Implications: Entry-level CNSs would benefit from a template to use with nurse managers, educators, and clinicians when implementing innovative practice changes.
Janice Kulisek, MS, BC-RN, APRN-BC; Rebecca Coffey; and Esther Chipps, The Ohio State University Medical Center, Columbus
Purpose/Objectives: The purpose of this study was to determine the effectiveness of computer-based learning (CBL) as a method of establishing competency among burn nurses.
Significance: A repeated-measures analysis of variance was used to analyze the data. Our findings demonstrated a significant increase in test scores between time 1 and time 2 (P = .004) and from time 1 to time 3 (P = .04).
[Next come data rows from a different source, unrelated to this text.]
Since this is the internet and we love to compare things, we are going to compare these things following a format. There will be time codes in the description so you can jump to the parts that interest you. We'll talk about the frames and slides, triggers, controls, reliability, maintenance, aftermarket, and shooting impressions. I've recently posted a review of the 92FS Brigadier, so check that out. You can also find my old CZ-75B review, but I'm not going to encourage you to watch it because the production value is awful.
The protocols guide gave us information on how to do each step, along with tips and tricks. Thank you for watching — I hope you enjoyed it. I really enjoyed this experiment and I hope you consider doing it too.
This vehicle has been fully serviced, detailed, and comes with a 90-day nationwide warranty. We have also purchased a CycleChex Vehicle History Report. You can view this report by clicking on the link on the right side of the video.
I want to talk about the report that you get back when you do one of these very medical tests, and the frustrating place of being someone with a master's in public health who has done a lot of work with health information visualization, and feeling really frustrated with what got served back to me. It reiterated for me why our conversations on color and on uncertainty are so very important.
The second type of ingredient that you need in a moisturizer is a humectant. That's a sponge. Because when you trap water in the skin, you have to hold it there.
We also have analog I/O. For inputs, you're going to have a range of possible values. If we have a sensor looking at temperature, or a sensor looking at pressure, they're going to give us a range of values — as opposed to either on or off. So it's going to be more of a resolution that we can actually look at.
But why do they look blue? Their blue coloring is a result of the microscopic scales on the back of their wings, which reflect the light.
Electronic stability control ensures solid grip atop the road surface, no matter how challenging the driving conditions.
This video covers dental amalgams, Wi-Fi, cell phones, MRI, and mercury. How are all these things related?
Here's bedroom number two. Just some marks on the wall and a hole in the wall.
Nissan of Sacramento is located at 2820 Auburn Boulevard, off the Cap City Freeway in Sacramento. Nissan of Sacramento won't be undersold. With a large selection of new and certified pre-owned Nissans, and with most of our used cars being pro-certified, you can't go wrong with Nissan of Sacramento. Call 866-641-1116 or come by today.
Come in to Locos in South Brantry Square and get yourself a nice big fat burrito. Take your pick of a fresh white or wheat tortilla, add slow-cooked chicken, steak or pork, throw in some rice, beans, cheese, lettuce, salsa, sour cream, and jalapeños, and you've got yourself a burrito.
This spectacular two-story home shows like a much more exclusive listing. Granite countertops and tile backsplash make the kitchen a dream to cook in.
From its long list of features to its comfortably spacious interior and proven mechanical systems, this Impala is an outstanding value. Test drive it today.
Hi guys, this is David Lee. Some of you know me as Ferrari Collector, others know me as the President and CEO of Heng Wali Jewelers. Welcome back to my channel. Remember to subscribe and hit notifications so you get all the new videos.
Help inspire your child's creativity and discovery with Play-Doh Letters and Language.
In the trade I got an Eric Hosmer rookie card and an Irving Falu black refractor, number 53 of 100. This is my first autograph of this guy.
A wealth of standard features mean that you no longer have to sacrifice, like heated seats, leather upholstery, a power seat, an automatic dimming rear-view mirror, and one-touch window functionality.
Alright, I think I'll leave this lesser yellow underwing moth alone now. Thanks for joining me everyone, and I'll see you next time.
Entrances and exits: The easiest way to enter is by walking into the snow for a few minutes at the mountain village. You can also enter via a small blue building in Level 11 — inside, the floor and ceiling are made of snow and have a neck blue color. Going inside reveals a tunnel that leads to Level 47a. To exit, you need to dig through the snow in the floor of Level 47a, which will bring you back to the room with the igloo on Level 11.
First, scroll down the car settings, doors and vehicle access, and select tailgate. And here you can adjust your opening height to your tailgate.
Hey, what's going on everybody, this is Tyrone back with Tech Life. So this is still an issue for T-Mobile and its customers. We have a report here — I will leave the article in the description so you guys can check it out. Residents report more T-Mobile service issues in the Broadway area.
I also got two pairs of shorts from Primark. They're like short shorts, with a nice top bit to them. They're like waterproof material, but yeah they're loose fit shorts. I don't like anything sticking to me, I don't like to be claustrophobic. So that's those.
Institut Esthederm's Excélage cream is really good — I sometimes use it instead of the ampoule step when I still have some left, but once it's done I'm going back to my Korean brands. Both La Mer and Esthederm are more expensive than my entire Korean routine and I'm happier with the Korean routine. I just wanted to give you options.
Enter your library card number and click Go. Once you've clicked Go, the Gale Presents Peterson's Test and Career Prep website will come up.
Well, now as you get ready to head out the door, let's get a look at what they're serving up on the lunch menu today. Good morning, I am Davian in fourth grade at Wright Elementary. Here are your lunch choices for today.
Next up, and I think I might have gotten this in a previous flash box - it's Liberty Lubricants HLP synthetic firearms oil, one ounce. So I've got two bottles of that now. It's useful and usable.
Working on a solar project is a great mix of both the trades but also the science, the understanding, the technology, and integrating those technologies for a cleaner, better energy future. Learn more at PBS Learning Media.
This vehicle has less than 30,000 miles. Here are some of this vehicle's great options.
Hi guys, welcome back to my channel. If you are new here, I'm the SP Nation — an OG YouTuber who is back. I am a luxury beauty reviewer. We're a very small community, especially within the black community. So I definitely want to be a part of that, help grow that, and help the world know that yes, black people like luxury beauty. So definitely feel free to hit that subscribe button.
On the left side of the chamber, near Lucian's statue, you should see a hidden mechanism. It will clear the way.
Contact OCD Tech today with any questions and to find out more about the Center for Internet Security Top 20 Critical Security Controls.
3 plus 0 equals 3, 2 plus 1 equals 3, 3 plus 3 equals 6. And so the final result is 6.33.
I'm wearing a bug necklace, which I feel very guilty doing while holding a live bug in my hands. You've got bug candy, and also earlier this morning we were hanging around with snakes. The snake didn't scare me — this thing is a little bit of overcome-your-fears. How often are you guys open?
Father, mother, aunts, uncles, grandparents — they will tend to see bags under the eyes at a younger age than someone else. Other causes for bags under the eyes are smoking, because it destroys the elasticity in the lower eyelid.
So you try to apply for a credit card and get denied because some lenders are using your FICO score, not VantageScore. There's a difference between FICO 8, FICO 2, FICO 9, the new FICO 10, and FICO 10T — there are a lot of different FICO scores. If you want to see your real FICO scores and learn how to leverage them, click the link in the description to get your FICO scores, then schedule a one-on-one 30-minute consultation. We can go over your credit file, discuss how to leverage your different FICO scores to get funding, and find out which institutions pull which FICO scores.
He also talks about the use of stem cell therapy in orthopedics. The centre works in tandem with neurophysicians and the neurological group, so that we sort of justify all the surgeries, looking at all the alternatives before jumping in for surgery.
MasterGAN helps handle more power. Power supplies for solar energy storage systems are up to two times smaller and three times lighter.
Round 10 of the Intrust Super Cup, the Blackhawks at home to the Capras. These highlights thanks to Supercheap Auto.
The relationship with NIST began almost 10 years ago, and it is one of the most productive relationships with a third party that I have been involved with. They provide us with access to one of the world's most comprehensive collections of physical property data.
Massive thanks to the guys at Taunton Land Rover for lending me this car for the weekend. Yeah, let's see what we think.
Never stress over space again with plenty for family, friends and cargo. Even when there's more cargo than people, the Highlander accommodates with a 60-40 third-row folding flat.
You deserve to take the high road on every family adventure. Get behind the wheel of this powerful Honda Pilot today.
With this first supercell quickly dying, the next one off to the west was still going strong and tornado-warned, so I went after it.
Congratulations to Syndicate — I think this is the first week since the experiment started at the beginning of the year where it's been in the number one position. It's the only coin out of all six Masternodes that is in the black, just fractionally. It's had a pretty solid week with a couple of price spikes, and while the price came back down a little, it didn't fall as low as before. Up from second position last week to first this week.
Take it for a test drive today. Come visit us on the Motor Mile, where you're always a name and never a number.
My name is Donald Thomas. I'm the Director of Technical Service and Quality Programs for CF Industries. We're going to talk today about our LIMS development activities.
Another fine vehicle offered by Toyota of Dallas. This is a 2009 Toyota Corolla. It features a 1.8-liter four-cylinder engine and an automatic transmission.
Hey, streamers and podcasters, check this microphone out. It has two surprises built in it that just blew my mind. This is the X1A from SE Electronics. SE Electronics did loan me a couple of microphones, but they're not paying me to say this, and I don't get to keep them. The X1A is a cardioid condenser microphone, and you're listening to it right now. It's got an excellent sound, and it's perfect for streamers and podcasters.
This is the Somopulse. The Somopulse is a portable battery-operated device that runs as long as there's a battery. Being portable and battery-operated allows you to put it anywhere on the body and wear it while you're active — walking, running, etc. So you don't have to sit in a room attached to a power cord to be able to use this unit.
Design/Background Rationale: A quasi-experimental study, 1-group pretest/posttest design was used. A convenience sample (n = 14) of nurses working in 2 burn care areas (surgical intensive care unit and burn unit) was recruited, and the study took place over 7 months.
Description of Methods: As part of routine orientation/staff education, each nurse in this burn center undergoes an 8-hour didactic course in burn care. The experimental intervention, from November 2008 to June 2009, included 2 CBL modules developed by the burn nurse practitioner and burn clinical nurse specialist. Volunteer registered nurses completed the pretest (time 1), posttest immediately after completing the CBL (time 2), and second posttest 6 months after completing the CBL (time 3). We collected demographical data on education level, time from burn orientation, years of burn experience, number of clinical experiences related to burn care, and number of burn classes.
Findings/Outcomes: Although test scores increased over time, scores were still lower than the expected passing rate of 80%.
Conclusions: Computer-based learning may not be the ideal method for complex clinical skills such as in burn care. For complex clinical skills, consideration should be given to utilizing CBL in tandem with clinical demonstration as a method of competency testing.
Implications: Despite the advantages associated with CBL, those testing for competency should be aware of the issues related to its efficacy and question its use as the sole means of testing clinical knowledge and/or skills in any area of practice. A larger study should be conducted to validate this method of testing for competency in all areas of clinical practice.